Nobody is refused a piece of dream. In any latitude you live, if you can't afford to buy the 'season bag' you will be satisfied with the latest perfume on the market, whose packaging will carry the same easily visible logo. This is the globalization of luxury, which democratizes the access to 'precious goods' and at the same time makes them less exclusive, as they become reachable for a growing number of people. A complex mechanism that Dana Thomas, a cultural and fashion writer for Newsweek in Paris and the Paris correspondent for the Australian Harper's Bazaar, explains in her book "Deluxe: How Luxury Lost Its Luster".
"There are two different opinions about it," claims the author, who is in Milano to present her work. "It can be the opening of stores to anyone and I think that from a political point of view it is right. For me, this is the democratization, it means a more equal wealth all over the world, not just in the United States or in Europe, but also in China, India, Russia, Brazil. On the other hand, however, there is what I call the banalization of luxury: there are people trying to sell you a logo product everywhere. You are sleeping on the plane crossing the Atlantic and someone wakes you up to sell you a Dior scarf! Leave me alone, you think!

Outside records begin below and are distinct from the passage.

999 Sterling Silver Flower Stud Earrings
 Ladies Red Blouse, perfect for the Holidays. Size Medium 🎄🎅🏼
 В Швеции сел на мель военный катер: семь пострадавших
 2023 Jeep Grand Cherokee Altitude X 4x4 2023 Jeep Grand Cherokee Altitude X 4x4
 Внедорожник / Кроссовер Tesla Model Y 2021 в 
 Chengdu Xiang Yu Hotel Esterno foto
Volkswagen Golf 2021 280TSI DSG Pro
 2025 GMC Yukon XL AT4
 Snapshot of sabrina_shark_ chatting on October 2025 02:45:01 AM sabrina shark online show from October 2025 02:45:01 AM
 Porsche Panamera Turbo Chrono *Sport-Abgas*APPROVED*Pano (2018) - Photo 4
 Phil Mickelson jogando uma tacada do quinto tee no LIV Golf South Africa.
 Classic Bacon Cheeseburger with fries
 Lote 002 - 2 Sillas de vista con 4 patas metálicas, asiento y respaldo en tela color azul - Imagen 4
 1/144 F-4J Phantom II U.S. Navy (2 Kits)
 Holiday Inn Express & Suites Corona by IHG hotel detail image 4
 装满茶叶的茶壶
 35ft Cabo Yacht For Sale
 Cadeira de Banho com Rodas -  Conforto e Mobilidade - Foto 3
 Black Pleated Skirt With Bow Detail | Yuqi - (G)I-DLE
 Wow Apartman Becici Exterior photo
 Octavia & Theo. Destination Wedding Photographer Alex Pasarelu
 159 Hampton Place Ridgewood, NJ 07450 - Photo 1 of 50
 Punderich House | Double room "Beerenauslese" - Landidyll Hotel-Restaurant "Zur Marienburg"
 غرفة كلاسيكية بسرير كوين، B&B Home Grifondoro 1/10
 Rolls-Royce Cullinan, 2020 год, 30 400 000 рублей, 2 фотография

Nothing is rare, special and unique, which for me it is what luxury is about."
In spite of this process, luxury is still synonym of dream. "Designers are talking about selling a dream," she adds. "In fact, they show their beautiful clothes on the runways and then they are due to sell lipsticks and perfumes, which allow everybody to buy a piece of that dream, although actually you are buying just a product with the stamp of a logo and making them richer."
In the 19th and 20th centuries, luxury items carried prestige because of their superior craftsmanship and design and only the very privileged could afford them, while nowadays the luxury industry has "sacrificed its integrity" and big groups "have shown off their historical heritage and their craft tradition to give the products an aura of legitimate luxury," as their aim since the beginning was "to make as much money as humanly possible."
According to Thomas, unlike in the past, today luxury brands avoid to be innovative in order not to lose clients and to promote instead a homogeneous image all over the world. The risks of this phenomenon are many. "First of all trying to be anyone else you lose your individuality, the integrity of the brand and your creative voice, because you are trying to sell things to the same people all the time," she said. "Eventually brands start losing their share and there will be some dominant brands doing very well, while smaller ones will shrink and fade away."
In the light of what the book explains, how can we judge the 21st century luxury? "In my opinion there are two different paths luxury is taking," the American journalist points out. "There are the big global groups, the titanic brands like Gucci, Prada and Louis Vuitton, which are known everywhere. Then you have the little brands that have just one store, or maybe no stores, they just sell in department stores, and they make products in a limited amount, beautifully made, for a small clientele: they are getting back to the roots of luxury, to the finest quality, which is what the other gigantic brand used to do a hundred years ago."
Is there any hope left for this kind of brands and for quality lovers? "I think that now there is a growing awareness in consumers in buying compared with twenty years ago," concludes Thomas. "People are starting to take care, maybe there is a bit of backlash and they are trying to think a bit more locally and are even questioning globalization: they want to know where their clothes are made and how they are made. Luxury is not just buying stuff to accumulate, it is making the right choices and buying something special that suits just you: the person before you could not have bought it and the person after you will not buy it."